DATA RECORDS:
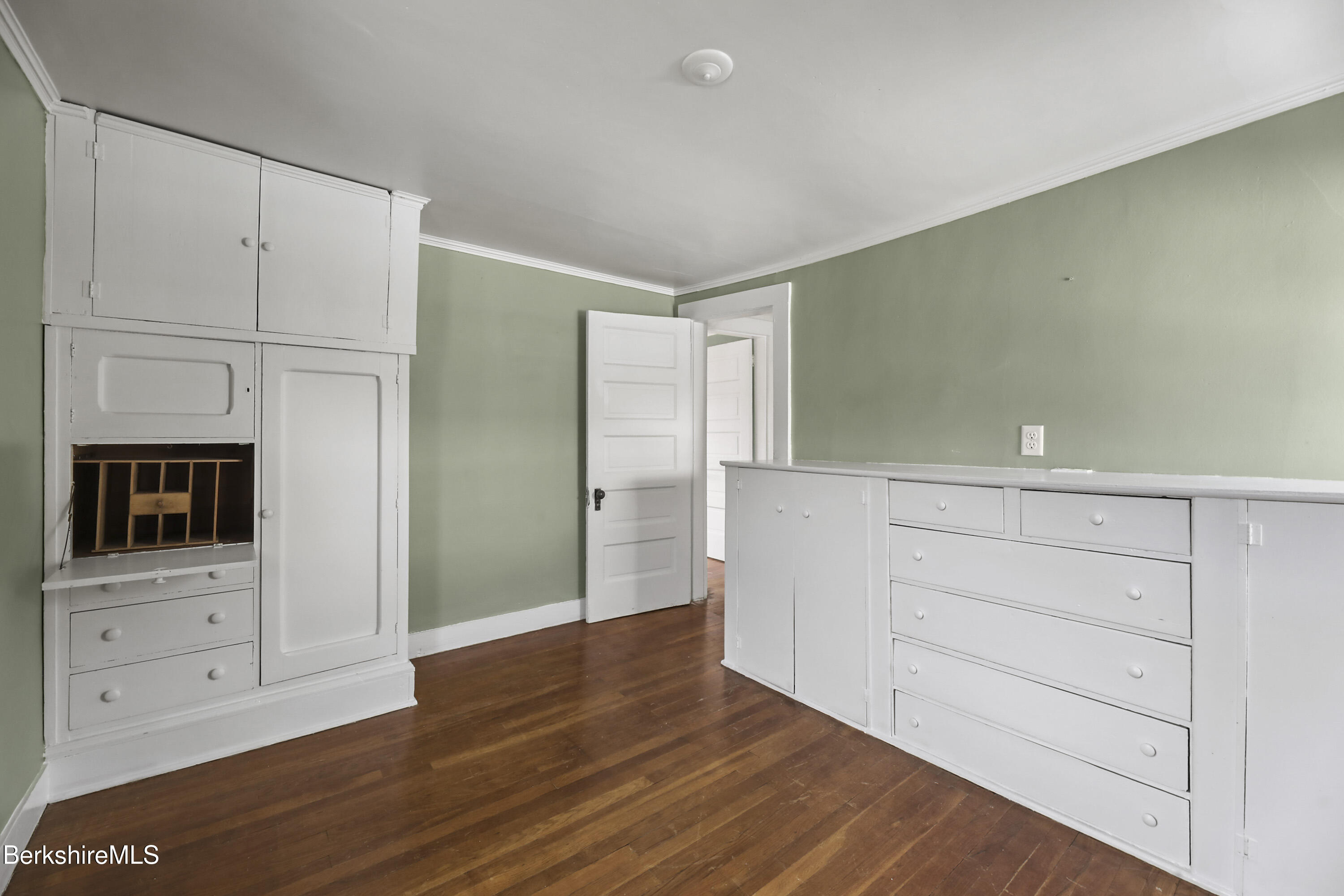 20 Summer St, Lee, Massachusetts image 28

* * *

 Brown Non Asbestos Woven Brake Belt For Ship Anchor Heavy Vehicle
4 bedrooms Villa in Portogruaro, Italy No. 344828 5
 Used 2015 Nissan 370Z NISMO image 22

--

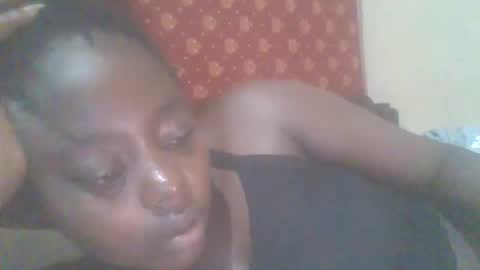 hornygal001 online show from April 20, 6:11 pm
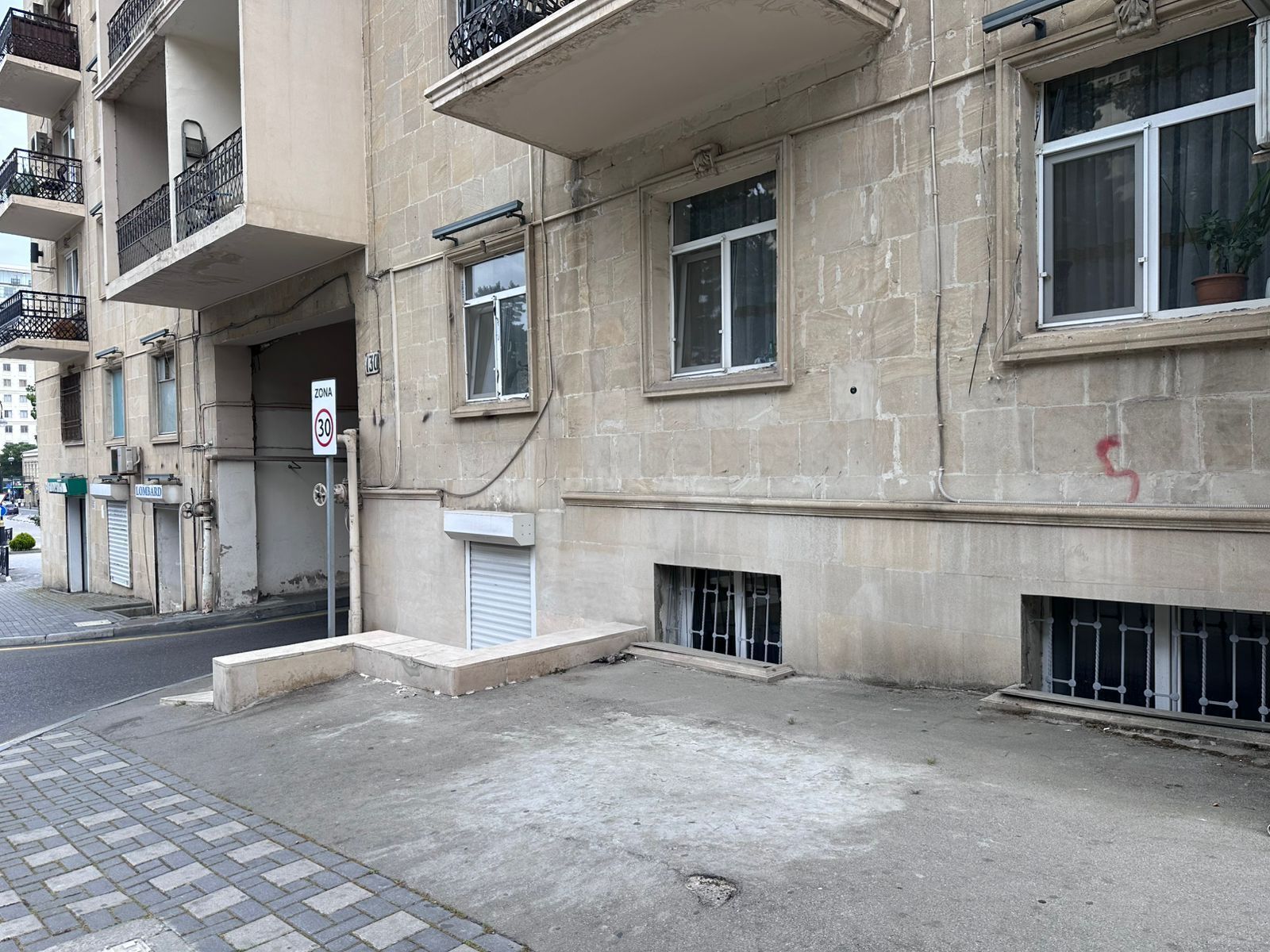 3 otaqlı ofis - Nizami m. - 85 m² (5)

WHAT THE TASK REQUIRES: From the records above, print only the lines between the one holding "Brown Non Asbestos" and the one holding "Used 2015 Nissan 370Z NISMO image 22", inclusive, exactly as they stand.

ANSWER SECTION:
 Brown Non Asbestos Woven Brake Belt For Ship Anchor Heavy Vehicle
4 bedrooms Villa in Portogruaro, Italy No. 344828 5
 Used 2015 Nissan 370Z NISMO image 22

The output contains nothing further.